1866 photograph by Julia Margaret Cameron

The Mountain Nymph, Sweet Liberty is an 1866 photograph by the British photographer Julia Margaret Cameron. Made in England in June 1866 as an albumen contact print from a wet-collodion glass negative, it is a close head-and-shoulders portrait of Annie Keene (née Edwards), who looks directly towards the camera. Cameron took its title from the phrase “The Mountain Nymph, sweet Liberty” in John Milton's poem L'Allegro.

The photograph survives in several contemporary prints, including examples in the Metropolitan Museum of Art, the National Gallery of Art, the National Portrait Gallery, London, and the Herschel Album at the National Science and Media Museum. The work received an admiring contemporary response from the scientist John Herschel.

== Background and sitter ==
Cameron commonly recruited friends, relatives, neighbours, and members of her household as sitters. Keene was unusual in apparently working as a professional model: the Metropolitan Museum of Art describes the sitting as one of only two known occasions on which Cameron used a professional model rather than someone from her social or domestic circle. Cameron identified her only as “Mrs. Keene”. The National Portrait Gallery identifies her as Annie Keene, née Edwards (1843–1901), a model who also sat for the Pre-Raphaelite painter Edward Burne-Jones.

The same June 1866 sitting produced Cameron's photograph Cassiopeia, in which Keene adopts a different pose. The Science Museum Group describes Keene as one of Cameron's rare professional models and records The Mountain Nymph as part of an album that Cameron assembled for Herschel.

== Composition and title ==
Keene's head and shoulders nearly fill the vertical image. She is shown against a dark background, with long, wavy hair partly gathered around her face and falling behind her shoulders. Her garment has broad lapels over patterned clothing. She faces the camera directly, with her eyes wide open and her lips closed. The composition contains no scenery or narrative props.

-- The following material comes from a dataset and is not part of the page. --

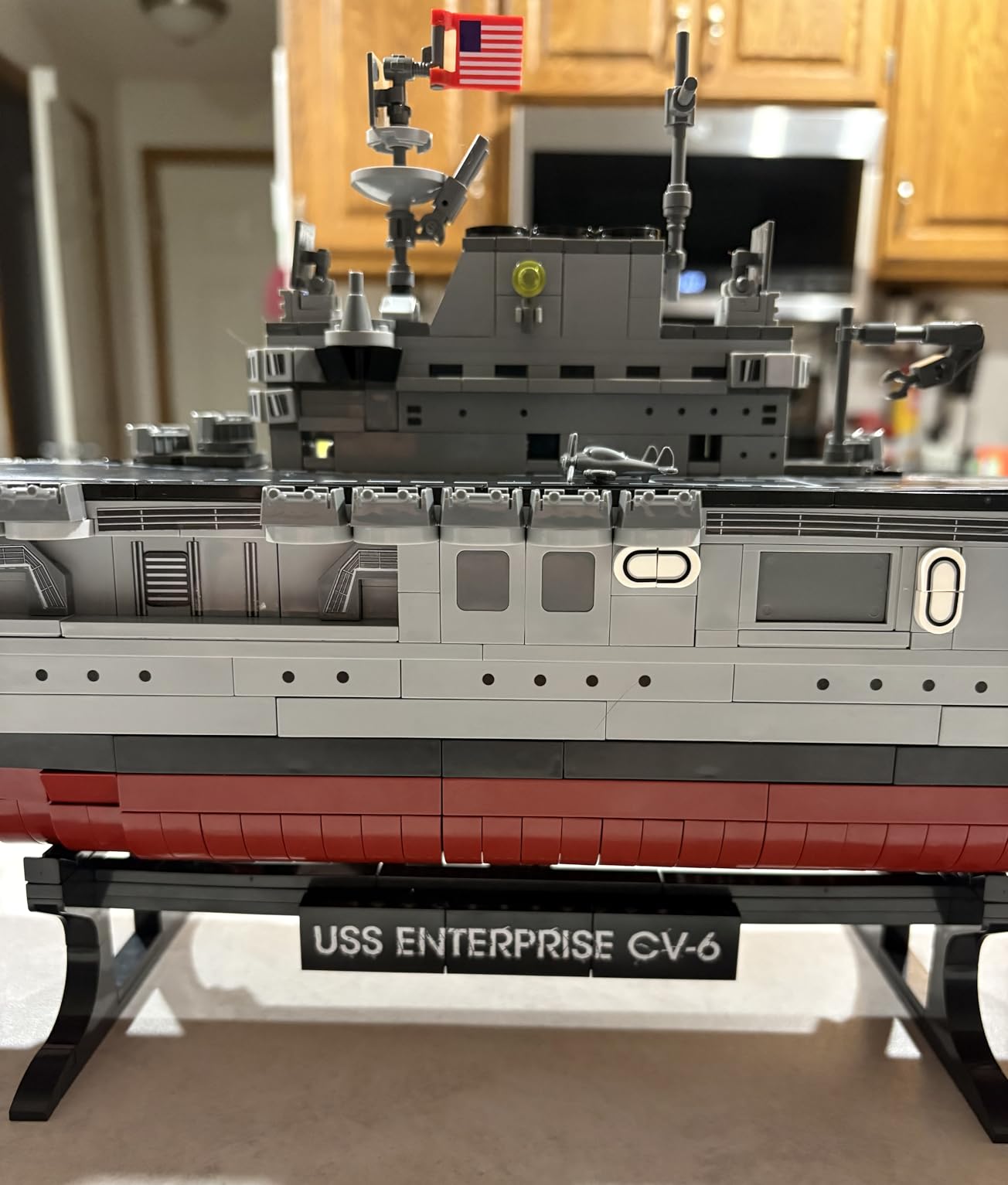 WWII USS Enterprise CV-6 Battleship Compatible with Lego Military Army Set | 1883pcs World Class USS CV-6 Enterprise Compatible with Lego Army Set for Adults WW2 Gift Boat Building Block Kids 8-12 customer photo 1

The title comes from L'Allegro, in which Milton personifies liberty as a “mountain nymph”. Surviving prints and collection records use slightly different punctuation and wording. The National Gallery of Art gives The Mountain Nymph, Sweet Liberty; the Metropolitan Museum of Art omits the comma; and the Herschel Album print is catalogued as The Mountain Nymph Mrs Keene.

Individual impressions vary in size and mounting. The National Gallery of Art's albumen silver print measures 36.1 × 26.7 cm, whereas the Metropolitan Museum's print measures 36.1 × 28.6 cm. A much smaller National Portrait Gallery impression, mounted on a gold-edged cabinet card, has an image measuring 129 × 98 mm.

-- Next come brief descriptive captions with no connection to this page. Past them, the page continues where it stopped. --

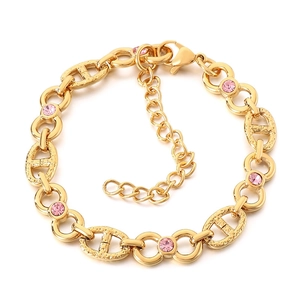 Golden chain bracelet with pink zircon stone and 8mm link design for women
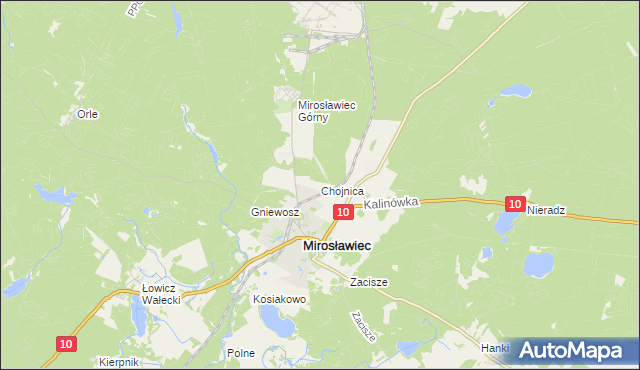 mapa Chojnica gmina Mirosławiec, Chojnica gmina Mirosławiec na mapie Targeo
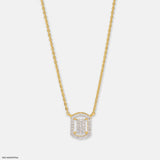 0.15 Carat Starburst Lab Diamond Pendant Necklace 14K Yellow Gold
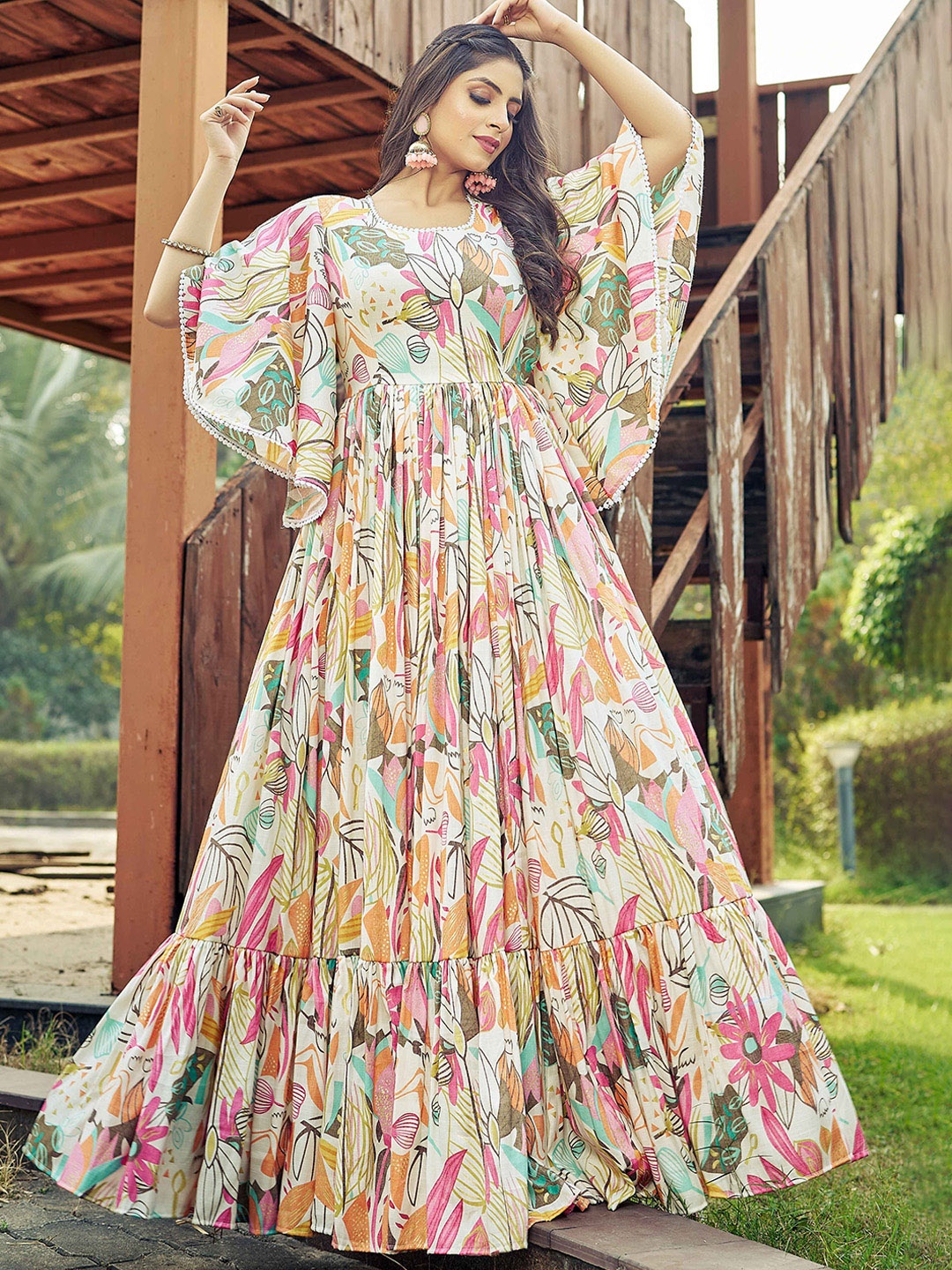 

Chandbaali Printed Cotton Fit & Flare Maxi Gown Dress, Off white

== Reception and interpretation ==
Cameron sent a print to Herschel, a close friend. In his reply, Herschel called the sitter “absolutely alive” and recognised the picture as Cameron's “own special style”. The Metropolitan Museum interprets his response as a reaction to the photograph's pronounced sense of physical presence and psychological contact with the viewer.

Ford's article, “'Mountain Nymph' and 'Damnèd Villain': Posing for Julia Margaret Cameron”, examines Cameron's use of Keene and another professional model, Angelo Colarossi. Hager's feminist study treats the photograph as an encounter between Cameron, an upper-middle-class Anglo-Indian photographer, and a working-class English model whose life is sparsely documented. Hager combines archival evidence with fictional reconstruction in an attempt to recover Keene's perspective and a female subjectivity that she argues has been obscured in the surviving historical record.

The photograph has also been reproduced and discussed in surveys and monographs on Cameron's career, including Colin Ford's study of the Herschel Album, Mike Weaver's monograph, Joanne Lukitsh's career study, the Getty Museum's In Focus volume, and the exhibition catalogue Julia Margaret Cameron's Women.

== Prints and exhibitions ==
The Herschel Album impression, made in June 1866, is held by the National Science and Media Museum. The album page has overall dimensions of 331 × 274 mm. The Metropolitan Museum acquired its large-format print in 1941; it is catalogued as object 41.21.15. The National Gallery of Art purchased its impression in 1997 as accession 1997.97.1. The National Portrait Gallery's cabinet-card version was donated by Cordelia Curle in 1959 and is catalogued as NPG x18061.

The National Gallery of Art impression was shown in The Pre-Raphaelite Lens: British Photography and Painting, 1848–1875, held at the gallery and the Musée d'Orsay in 2010–2011, and in In Light of the Past at the National Gallery of Art in 2015. The National Portrait Gallery impression was included in its 2003 exhibition Julia Margaret Cameron.

In 2025, the Morgan Library & Museum exhibited the work in an exhibit Arresting Beauty: Julia Margaret Cameron.